To avoid your ~/.singularity directory filling up, you can set a temporary directory for when you pull a container to store the cache in that location; an example of this procedure (where <project> is your PI’s /work directory) is the following:

mkdir /work/<project>/singularity_tmp
export SINGULARITY_TMPDIR=/work/<project>/singularity_tmp

Then, pull the container using Singularity as usual.

Cache#

The ~/.cache directory can become large with the general use of HPC and Open OnDemand. Make sure you are not running any processes or jobs at the time by running the following:

squeue -u <username>

which prints a table with JOBID, PARTITION, NAME, USER ST, TIME, NODES, and NODELIST (REASON), which is empty when no jobs are running (i.e., it is safe to remove ~/.cache when no jobs are running).

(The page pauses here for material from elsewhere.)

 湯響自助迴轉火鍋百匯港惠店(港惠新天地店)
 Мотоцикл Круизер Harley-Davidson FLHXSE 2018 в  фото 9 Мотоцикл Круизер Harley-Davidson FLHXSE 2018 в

Storing research environments#

Conda environments#

Use conda environments for Python on HPC. To create an environment in /work, use the --prefix flag as follows: (where <project> is your PI’s /work directory and <my conda env> is an empty directory to store your Conda environment):

conda create --prefix=/work/<project>/<my conda env>

Utilize the same conda environment to save storage space and time (i.e., avoid duplicate conda environments). Hence, shared environments can be easily done for a project accessing the same /work directory.

More information about creating custom Conda environments.

Singularity containers#

Containers pulled, built, and maintained for research work should be stored in your PI’s /work directory, not your /home/<username> directory.